Hattie S. Thistle, Respondent, v. The New York City Railway Company, Appellant.
    (Supreme Court, Appellate Term,
    May, 1907.)
    Carriers — Statutory penalties enforceable against carrier — Liability to penalty for refusing transfer ticket —Where transfer ticket is given.
    Where, in an action for a penalty based upon a refusal to give a street railway passenger a transfer, the proof is simply that plaintiff asked for and received a transfer, a recovery is not justified because the transfer was not good in the direction she desired to travel.
    
      Appeal by the defendant from a judgment in favor of the plaintiff, rendered in the Municipal Court of the city of New York, eleventh district, borough of Manhattan.
    James L. Quackenbush (Henry F. Gannon, of counsel), for appellant.
    E. V. R. Ketchum, for respondent.
   Brady, J.

The plaintiff, according to her own testimony, boarded a Broadway car bound south; paid her fare and asked for a transfer to Canal street. It does not appear from the testimony that she informed the conductor as to what direction on Canal street she desired to go. She received a transfer. She testified that she changed cars at Canal street, boarded a west bound car on that street, offered the transfer to the conductor and that the same was refused by him and that she thereupon paid a second fare. The proof shows that the transfer was good on Canal street cars going in an easterly direction from Broadway. In Gaspar v.
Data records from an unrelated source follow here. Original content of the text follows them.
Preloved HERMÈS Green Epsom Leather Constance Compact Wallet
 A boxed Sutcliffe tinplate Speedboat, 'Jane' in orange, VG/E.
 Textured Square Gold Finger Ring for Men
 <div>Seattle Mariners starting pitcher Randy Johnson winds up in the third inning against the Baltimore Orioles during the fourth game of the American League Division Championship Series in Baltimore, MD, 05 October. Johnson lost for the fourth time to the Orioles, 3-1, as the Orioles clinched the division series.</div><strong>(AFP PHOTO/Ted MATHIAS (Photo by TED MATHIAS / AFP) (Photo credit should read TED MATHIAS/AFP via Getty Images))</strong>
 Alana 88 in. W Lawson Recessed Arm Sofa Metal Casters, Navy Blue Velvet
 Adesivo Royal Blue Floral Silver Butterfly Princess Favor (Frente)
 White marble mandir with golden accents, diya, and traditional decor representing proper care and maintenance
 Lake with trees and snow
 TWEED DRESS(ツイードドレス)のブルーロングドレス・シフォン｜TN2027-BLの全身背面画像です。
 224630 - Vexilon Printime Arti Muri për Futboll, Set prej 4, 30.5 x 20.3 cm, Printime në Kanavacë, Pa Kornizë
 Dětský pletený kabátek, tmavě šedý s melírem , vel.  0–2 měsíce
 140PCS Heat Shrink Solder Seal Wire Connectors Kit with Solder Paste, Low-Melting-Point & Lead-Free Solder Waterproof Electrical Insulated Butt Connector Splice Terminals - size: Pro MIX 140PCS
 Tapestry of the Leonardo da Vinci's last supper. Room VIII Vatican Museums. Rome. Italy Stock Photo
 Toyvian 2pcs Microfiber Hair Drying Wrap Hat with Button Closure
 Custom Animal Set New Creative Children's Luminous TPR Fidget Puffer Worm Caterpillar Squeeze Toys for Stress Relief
New York City R. Co., 51 Misc. Rep. 43, this court held that, inasmuch as the action 'was to recover a penalty based upon a refusal to obey the mandate of a statute, the recovery should be sustained only upon strict proof of the violation thereof, and that, as. the passenger had only asked for a transfer td Amsterdam avenue, without specifying the direction required, and received one which was good on a car going north, she did not establish a refusal, although she desired to make the trip in a southerly direction and the transfer was not accepted on a car going south. The facts in the present case were similar, and the doctrine laid down in the case cited controls.

Gildersleeve and Seabury, JJ., concur.

Judgment reversed and new trial ordered, with costs to appellant to abide event.